I have to stretch out the story so that I can get another ten episodes in
VI in order to finish out my contract with Moen.

I'm interested in what responses you get on the wiring.
I ran the green one from the left side of the ammeter to the generator output.
The red one I used as the positive feed up to the right hand side of the ammeter.
The blue one from the switch ignition position to the coil.
The black one from the switch to the fuse/terminal block to be used to
turn on the tail light with the head light.
This was all based on the lengths of the wires...

Jim Jones


I got lazy and scanned this from Uncle Franks Q&A.
(A great book! I guess I should write a review for the freakin' book list!)
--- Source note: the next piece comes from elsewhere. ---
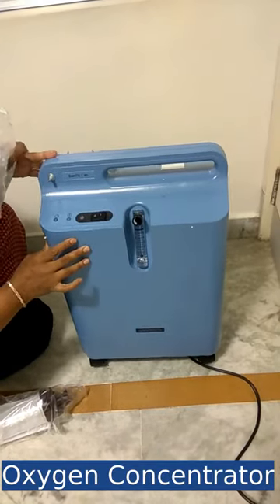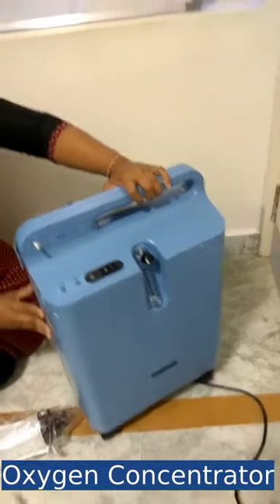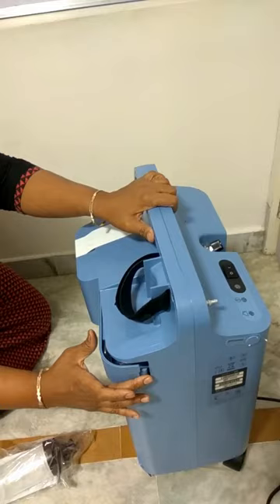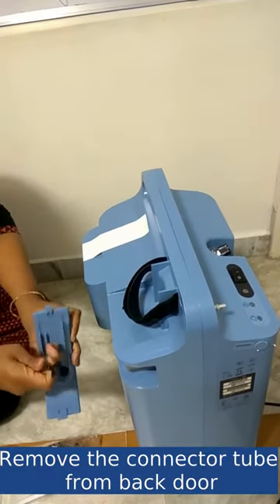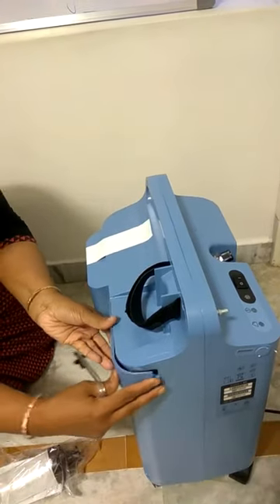This is the oxygen concentrator. It is inside a door like this — you have to open this door. There is a connection tube which needs to be connected to the humidifier bottle. I will show you how to do this.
It looks pretty good except I question the wiring at the ammeter.
Most of the drawings have the leads to the battery and generator on the
opposite sides from what this one shows.

-And this:
Generator Manual here
Subject: Re: [Virtual Indian] Sport Scout Wiring

Dear Scout Owner:

Your questions indicate that you may not have read my articles on VI. Would you really follow the advice of someone who admits that they are clueless? Well, since you are a wild man, here is my take on it... 
1) I have not done all of this yet, because I am busy making some money to spend on food, beer and another bike or two! 
3) Most of this has not happened on my bike. Can you say "Guinea pig"? 
Official Wiring Guess (Partial) 
The hot and negative on the battery get attached to the little auxilliary connector that came with your battery tender. Sheath the wires with extra control cable cover or something that will make them inconspicuous. Strap 'em out of site where they won't rub or get crudded up too badly, but where you will be able to plug in the tender every day or so. 
The repro block I got has 2 fuses with their ends close together on one side and separated by 2 screw terminals on the other side. The fuse holders are held to the block by screws. 
A feed from the hot side of the battery goes to one of the fuses. I used the fuse near the back and in the spot where the ends of the fuses are closer together. So now your hot wire from the battery to the rest of the bike is fused. On the other side of this fuse put the red wire that goes up to the ammeter.
On the back of the bike there is a running light / brake light combination. There are 2 wires running from this, inside a shield back to the terminal block. Test it with a 9 volt battery between each wire and ground and figure out which filament you want to be the running light. Place this wire and the black wire on the furthest terminal forward. 
The other wire in that pair goes to the next closer terminal to the output end of the fuse. There is a brake light switch on the frame that gets two wires. One goes on the output of the fuse with the red wire. The other goes on the terminal that is between the output end of the fuse and the next terminal. 
Brake light operation description: Feed the brake light switch with a fused hot. When the switch makes juice will flow through the switch to the terminal that is connected to the wire that goes to the "brake" filament. The filament is grounded at the socket. 
Oh yeah. Ground the battery. I was thinking about using star washers and grounding it on the upper right part of the battery tray. (I ended up grounding it with the bolt that holds the fuse block to the frame.)
There is a jumper needed from the green (generator) wire at the ammeter to the switch up front. I am planning to fuse that one. Not sure where to hide the fuse yet, but it will be an inline fuse holder, so it may get tie wrapped to the bottom frame rail. (Did not do this)
You will notice that you have a spare fuse in the terminal block. It may be used as a spare fuse. Alternatively you may wish to fuse the tail light with this one, in case the tail light switch grounds out. You'll probably be carrying more than one spare fuse anyway. (I did not do this. The fuse holder at the front looks like it could ground to the fuse holder support bracket.)
Remember that circuit breaker I was going to pitch? I decided to put that one in series with the generator output green wire. Probably locate it down at the generator but have not decided on the mounting details. Hope this gives you plenty to think about. Let me know how you make out! 

Jim Jones

Generator "as found"

New field coils fitted

So there you have some of my thoughts in reply to another fellow who was wiring his bike. Later on in life I actually got around to doing mine and found out that I left most of the details out. So here they are…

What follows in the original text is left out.